Porsches are worth big money. The “costs” for hugs are more of a social calculation.
I expect that the act of taking a small social good that would not normally be available, or even allowed, but is being offered for free, feels subtly wrong.
“Why would this person give me X for free?” Makes us feel uncomfortable. We feel we are not seeing something, or perhaps freeloading. Which prompts a subconscious threat or status calculation, not a simple cost calculation.
But being able to pay for it suddenly fits a common pattern, even if the “product” (hug or conversation) is novel.
Although, given this is in an area where streetside parking can be $20-$30 for a couple of hours...
My wife and I were moving city and needed rid of some perfectly functional appliances and furniture.
We listed it all for free because we needed it gone quick and the cost of taking it with us was too high.
When by the next day we'd had one enquiry from someone who didn't turn up, we changed tactic and switched everything to £1.
Within a day the entire lot was gone, people turning up with copper coins from their piggy bank which we told them to keep.
One fond memory of that was a student looking guy who came to the door for the dining table, I opened the door and greeted him, extending my hand for a hand shake, and he looked confused for a couple of seconds, didn't say a word, then reached in his pocket for the money and held it out. Never had anyone misunderstand an invitation for a handshake before or since.
Higher price => higher demand, seemingly paradoxically
Instead I think that the payment creates the expectation that the inquiry will be answered and when someone expects an answer they are more willing to inquire. When the consultation is free or "time permitting", then it might simply be refused but making the inquiry itself isn't zero cost for the individual and their mental calculus makes it not worth asking. The mental calculus is, "What is the person getting out of this interaction and why would they choose to answer me but not someone else?" When it is financial you can see that you are equal to everyone else and you see exactly what the consultant is getting out of it.
In the rest of life I usually am the captive audience (kids, wife, etc.) and put my own stuff on the back burner. The author is questioning why people would pay, but it is nice to curate a conversation that is intentionally one-sided, otherwise if you contact him the onus is on you to make it worth his time.

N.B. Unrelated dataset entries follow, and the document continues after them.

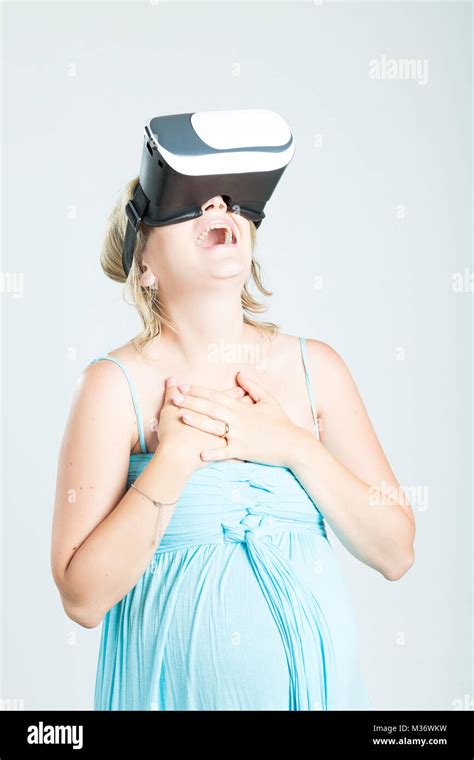 Blonde Beautiful Pregnant Girl Wearing 3d Virtual Reality Goggles Isolated On Background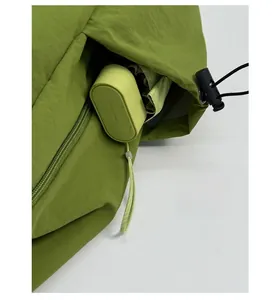 Macro shot of backpack side zipper pocket holding a mini umbrella for storage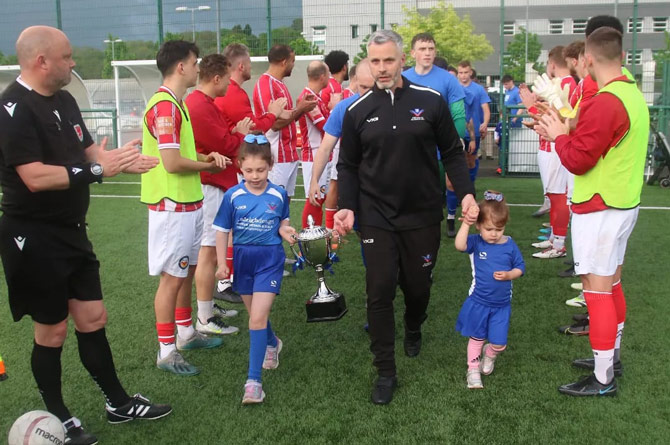 Bluebrids manager Mark Dunford with the league trophy 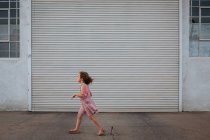 Fille en robe rose marchant dans la rue — Photo de stock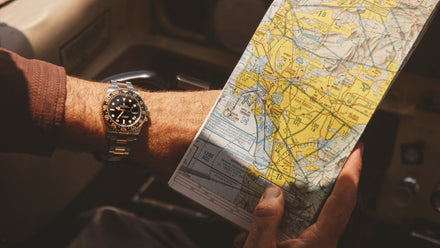 A person holding a yellow navigation map, wearing a black and gold wristwatch.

But charge $100 and that's it, that's all the strings attached. Straightforward transaction.
Daycare was annoyed with parents picking up their kids late. They introduced a fee for this. As a result, late pick ups increased.
Something that was not considered to be socially acceptable, became more acceptable when you put a price tag for it.

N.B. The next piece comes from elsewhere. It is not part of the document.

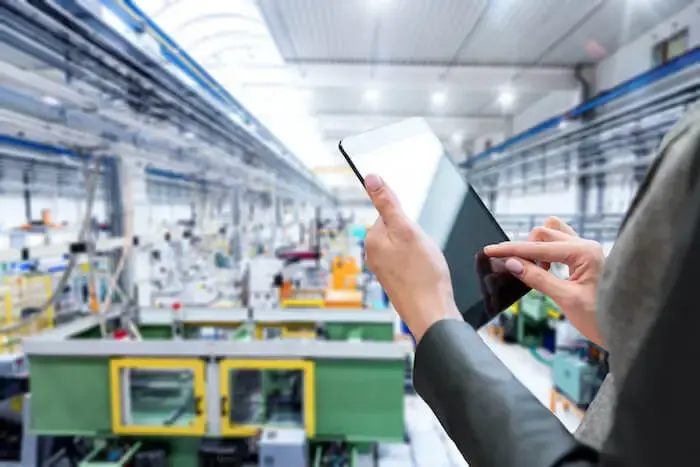 A factory worker consults a tablet on the production line.
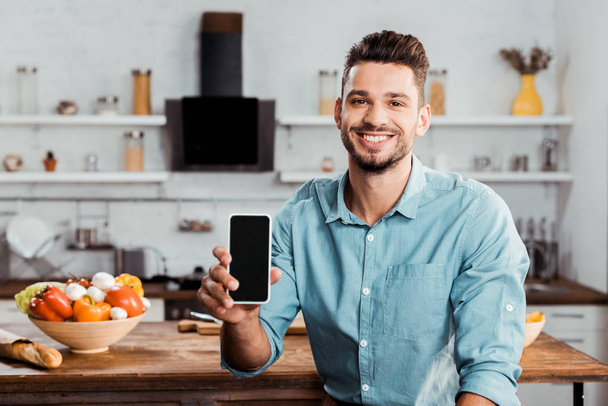 handsome young man holding smartphone with blank screen and smiling at camera in kitchen - Valokuva, kuva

I put a link to my linkedin and a contact form, just for that. No one contacted me. But funnily enough, when I speak to people they often tell me they've read my blog. And I'd like to think that I'm pretty good at giving startup advice - mostly thanks to my failures and a podcast that I've been listening to.
Might end up trying this.
Some people claim it’s gatekeeping or access to the brand name of the school, but I think it’s more than that.
Most of them know they won’t read the (text)books and learn on their own. Even though the knowledge is available. I guess the money is for the transmission of the knowledge.
Kind of like how some people will do one get rich quick scheme after another despite none of them working.
And to be clear, I am not talking about this submission (which I didn't read, and from other comments is charity-driven regardless), but this industry is absolutely rife with Fake It Till You Make It people who claim they can barely contain the hordes clamouring to give them money and super high-paying consulting gigs. But then it's coupled with a beg that makes everything previously said look super questionable, yet somehow people buy it.
It's the supermodel girlfriend that lives in Canada.
You could kind of emulate it by buying stackoverflow upvotes, then placing that as a bounty. Its not exactly money but it made it more comfortable (and successful) than hoping someone answers for free.